## [THE RECORDS]
*-*-*
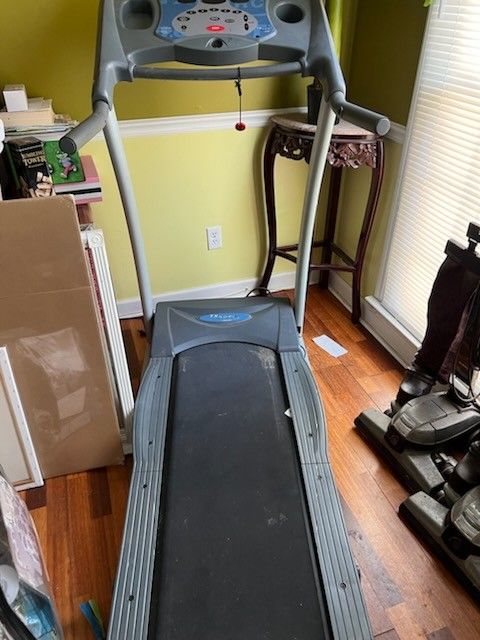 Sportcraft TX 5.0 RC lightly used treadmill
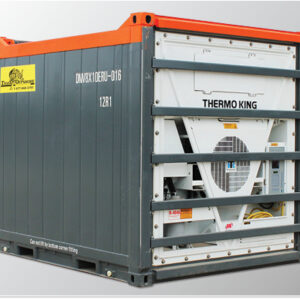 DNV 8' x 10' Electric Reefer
*-*-*
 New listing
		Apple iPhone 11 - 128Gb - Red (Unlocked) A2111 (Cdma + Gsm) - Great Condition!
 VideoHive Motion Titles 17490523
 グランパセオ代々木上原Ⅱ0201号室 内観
*-*-*
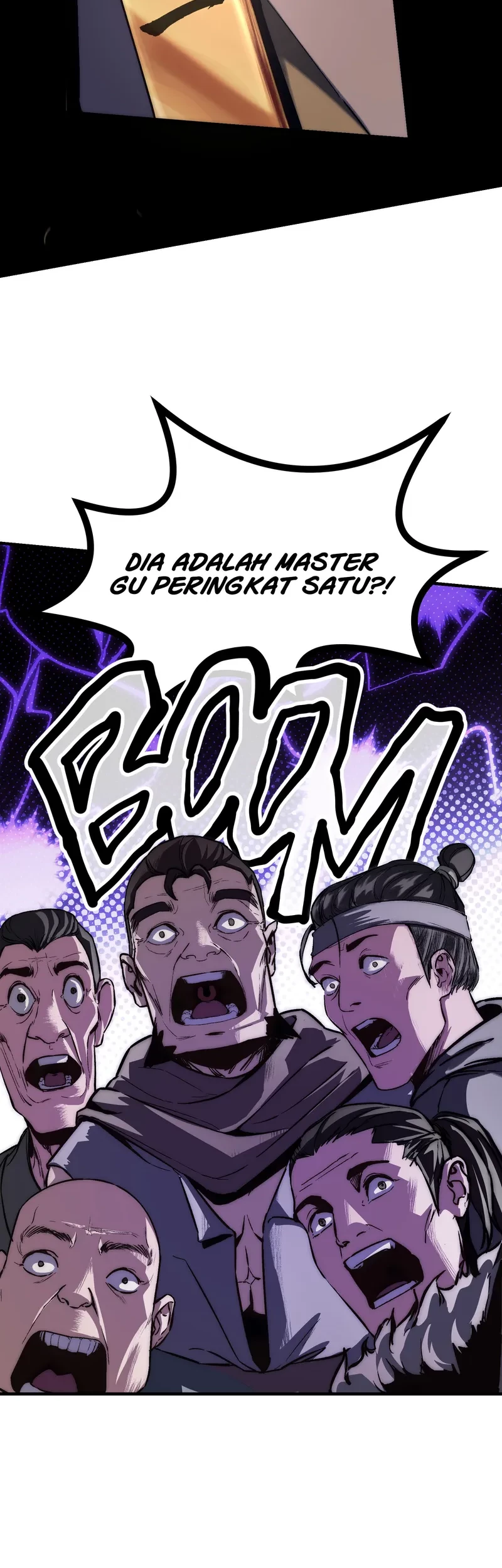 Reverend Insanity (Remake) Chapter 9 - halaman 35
*-*-*
Out of the data above, set down the lines from the one with "New listing" to the one with "グランパセオ代々木上原Ⅱ0201号室 内観", both included, exactly as written and with no additions.

 New listing
		Apple iPhone 11 - 128Gb - Red (Unlocked) A2111 (Cdma + Gsm) - Great Condition!
 VideoHive Motion Titles 17490523
 グランパセオ代々木上原Ⅱ0201号室 内観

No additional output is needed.